• Goal of the exercise: Below are the records; extract from them the line containing "ジノリ　ベッキオホワイト　クレッセントディッシュ×5" to the line containing "Pijama Cor Com", both lines included, exactly and with no pictures.

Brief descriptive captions
#####

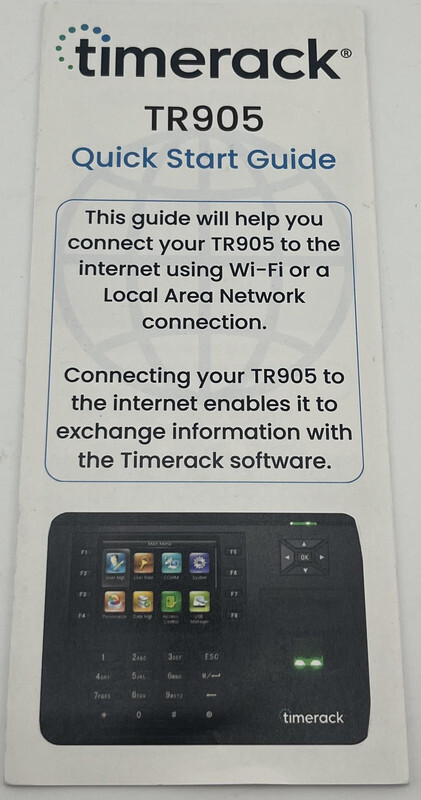 TIMERACK TR905 BIOMETRIC FINGERPRINT TIME ATTENDANCE CLOCK
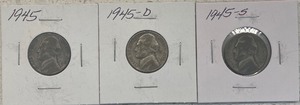 lot 28 image: Three Silver War Nickels - 1945 P, D, & S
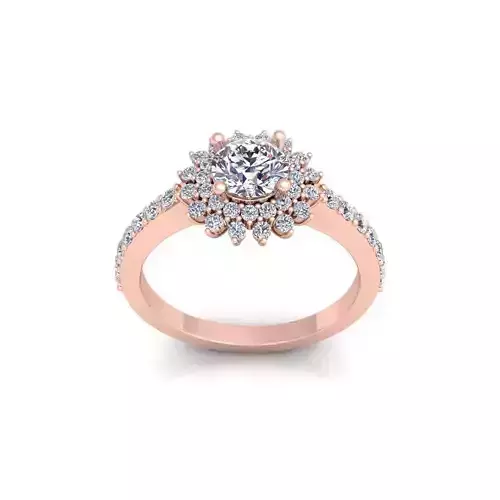 Round Diana Diamond Ring 3d Model and Render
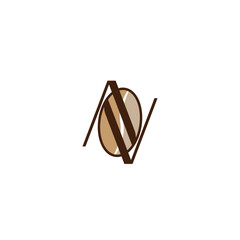 AV coffee logo. vector design of AV letters and coffee beans for icon, symbol or logo
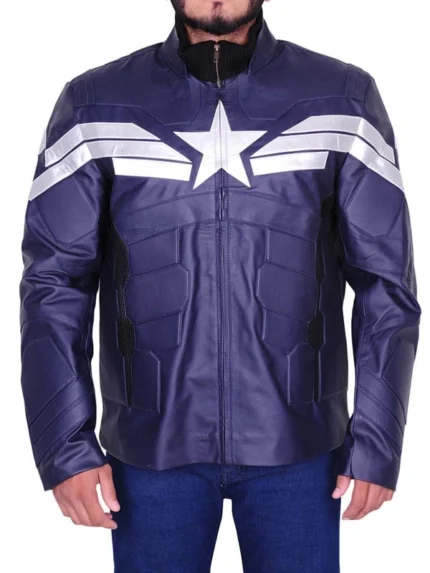 Buy Captain America Chris Evans Winter Soldier Leather Jacket In Blue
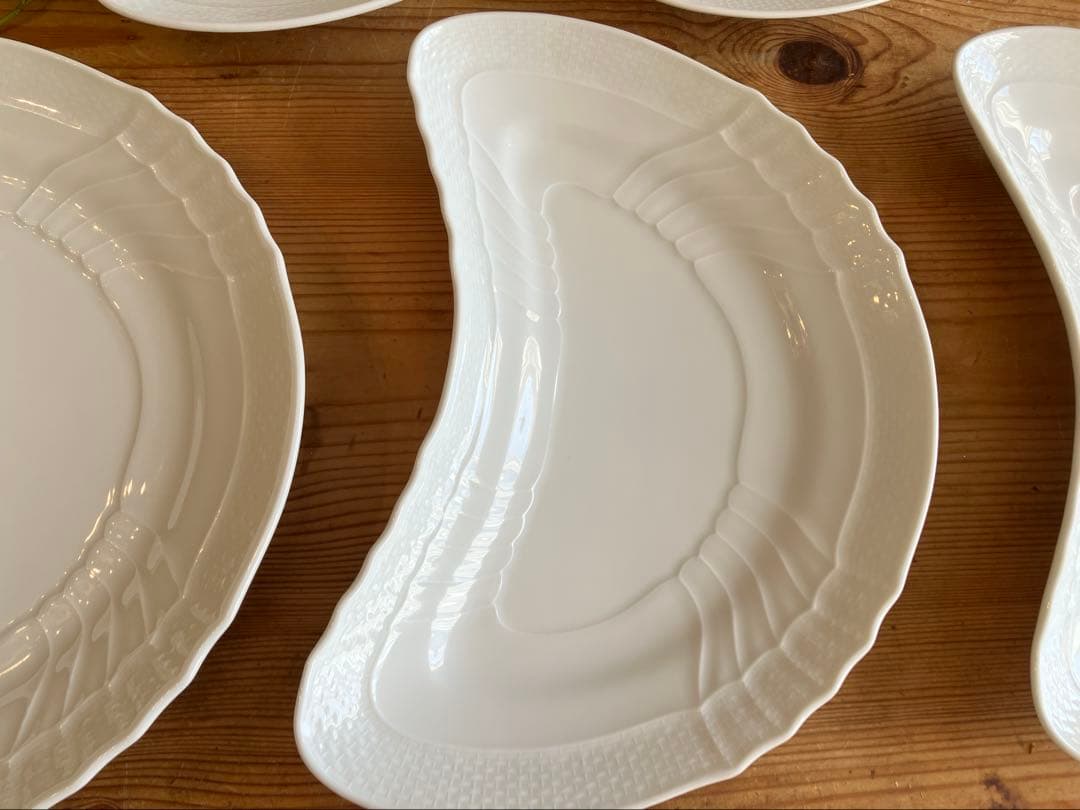 ジノリ　ベッキオホワイト　クレッセントディッシュ×5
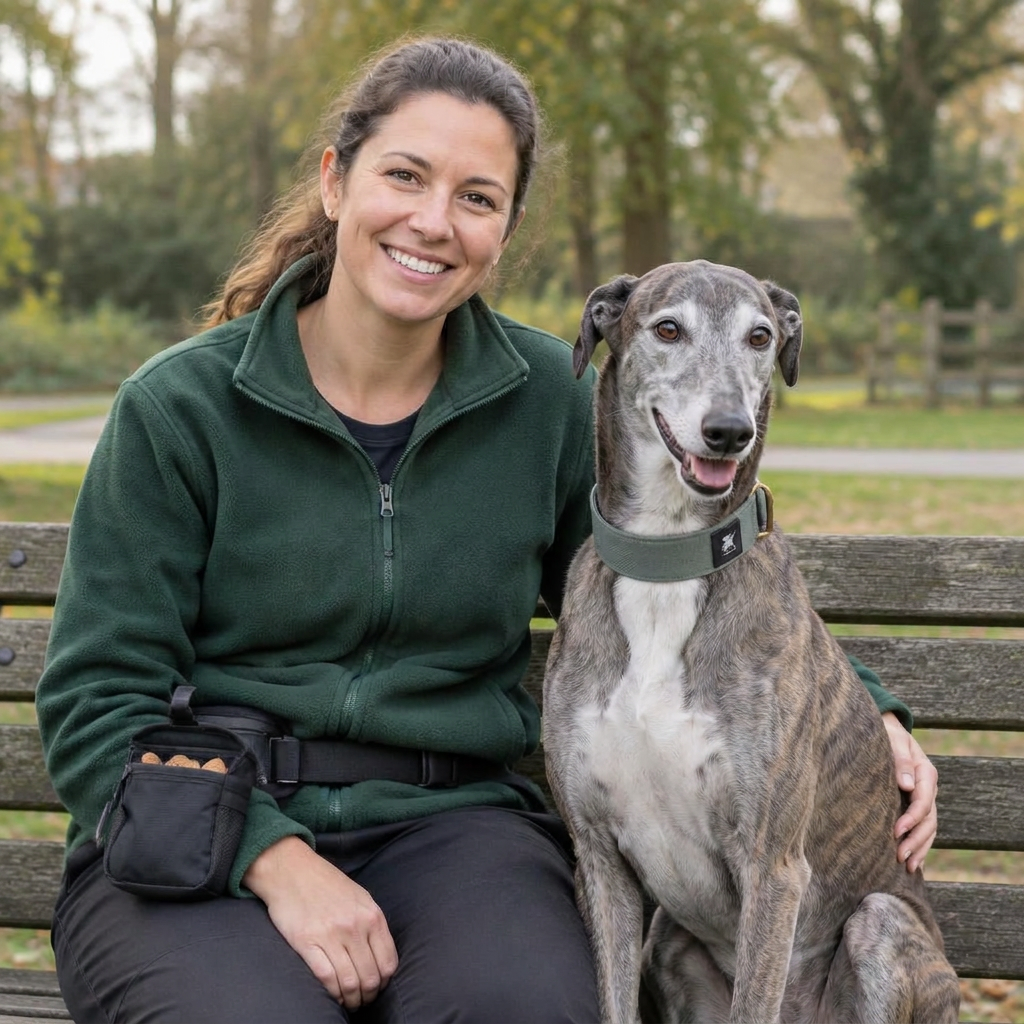 Smiling dog trainer sitting beside a relaxed greyhound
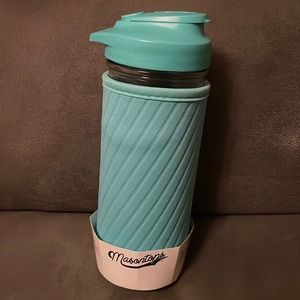 Masontops Mason Jar Hydration Kit Water Bottle Glass Tumbler Teal Neoprene Cover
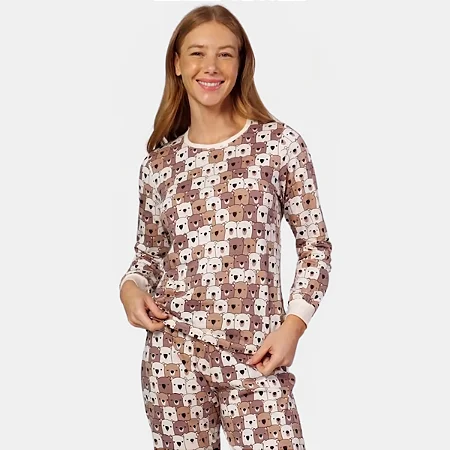 Pijama Cor Com Amor Manga Longa Calça Adulto Feminino Ursinhos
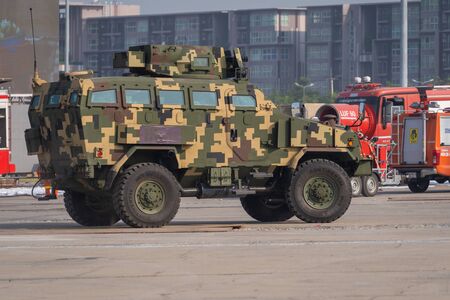 Bangkok, Thailand - November 18, 2019 : Demonstration of Armored car capability of the Royal Thai Armed Forces at Defense and Security 2019 Impact Exhibition Center Thailandのeditorial素材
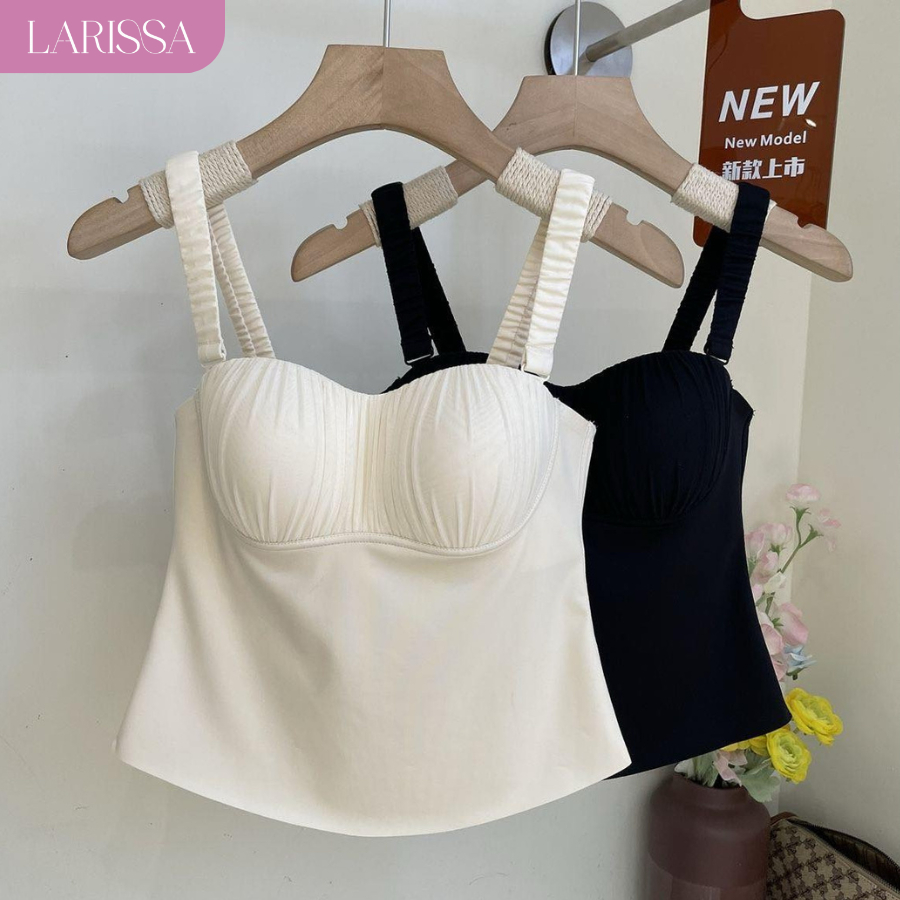 LARISSA FRENCH TOP BRA เสื้อกล้ามบราในตัว สายถอดได้ สายนุ่ม  ฟองน้ำบางล็อคเต้า เนินอกสวย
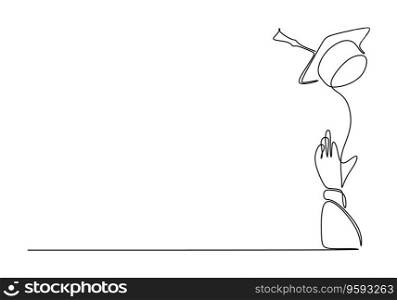 One continuous line of hand throw graduation cap vector image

#####

• Solution for this problem:
 ジノリ　ベッキオホワイト　クレッセントディッシュ×5
 Smiling dog trainer sitting beside a relaxed greyhound
 Masontops Mason Jar Hydration Kit Water Bottle Glass Tumbler Teal Neoprene Cover
 Pijama Cor Com Amor Manga Longa Calça Adulto Feminino Ursinhos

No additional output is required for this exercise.